The ability to measure tensile anisotropy χ_E and χ_μ may provide a unique biomarker for muscle characterization. However, the relationship between these material parameters, as well as μ_L and μ_T, and muscle health remains an open question. While still only a proof of concept, determining these relationships has potential application in characterizing a wide variety of muscle diseases including myopathies, dystrophies, muscle spasticities, muscle atrophy, age related sarcopenia, and athletic injury repair and healing.

VI. Conclusion

In this study, we describe measurements of multiple shear wave propagation modes in in vivo muscle using a 3D SWEI experimental setup with a tilted material symmetry axis, shown in Fig. 1(b).

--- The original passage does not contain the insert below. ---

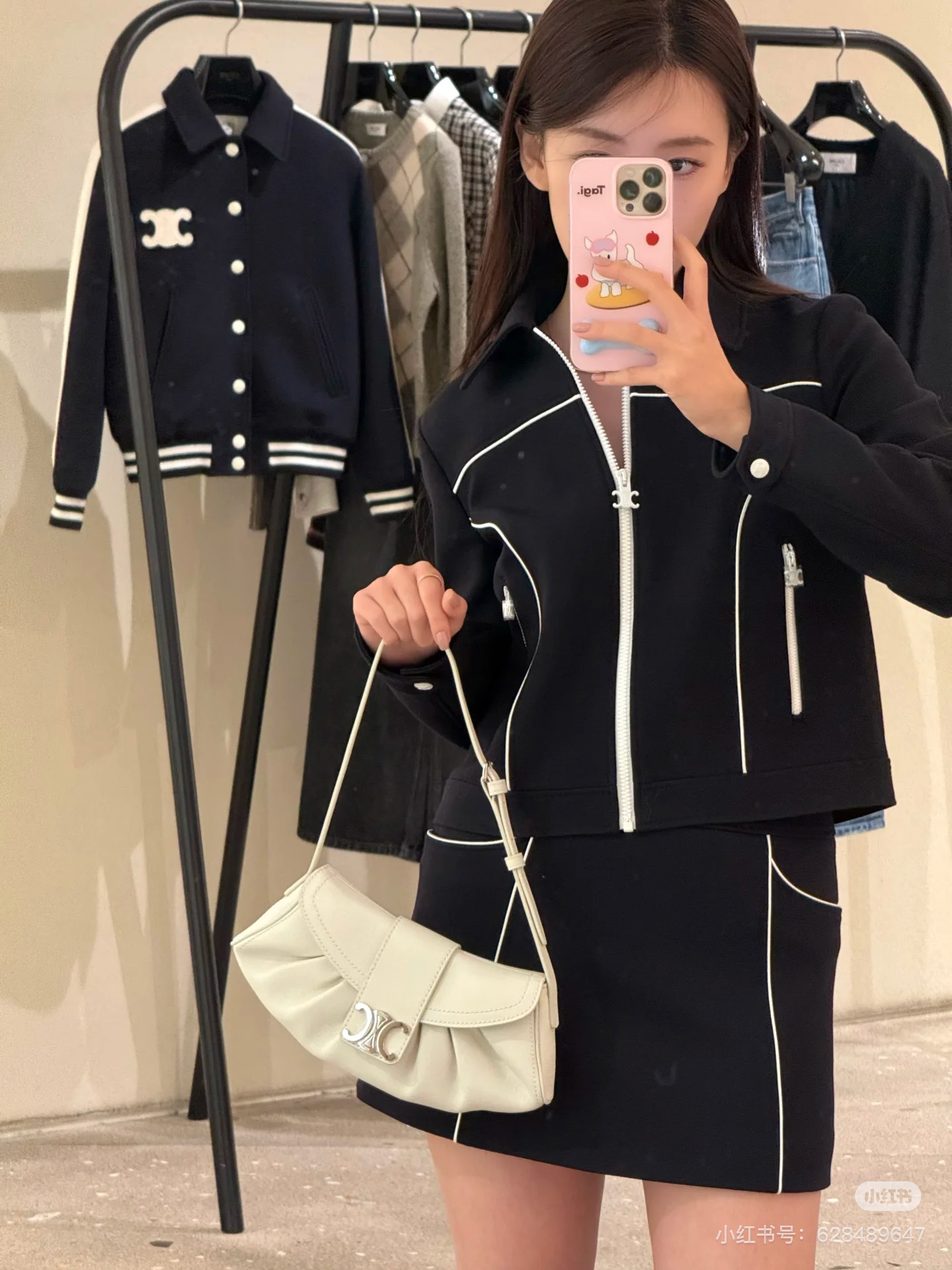 NO:213586,CELINE 25 Spring | Teen OLLY Everyone loves underarm bags, Celine, Celine19860909CELINE 25春| Teen OLLY人人都爱腋下包,赛琳celine,celine,celine,Bag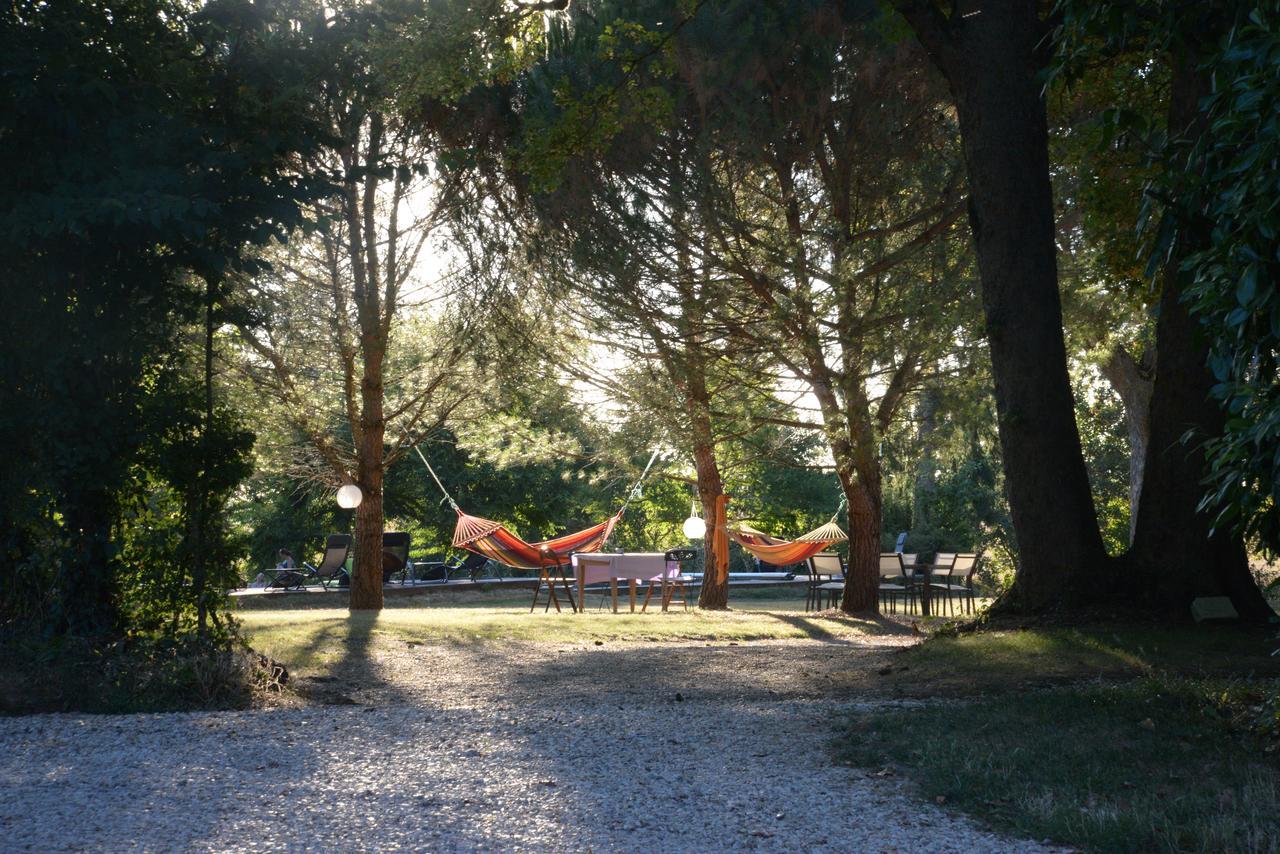 Villers-les-Ormes Domaine De Treuillaud Bed & Breakfast エクステリア 写真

Results are reported from measurements made in a healthy volunteer on two different days in the relaxed vastus lateralis muscle, where the fibers are naturally tilted with respect to the skin surface. We demonstrate 3D SWEI can improve estimation of μ_L and μ_T by accounting for the effects of fiber rotation ϕ_fiber and tilt θ_tilt when evaluating SH mode speeds, which is not possible in 2D SWEI. We also demonstrate 3D SWEI measurement of the SV propagation mode which, when combined with matched Green’s function simulations, allows for estimation of tensile anisotropy, χ_E.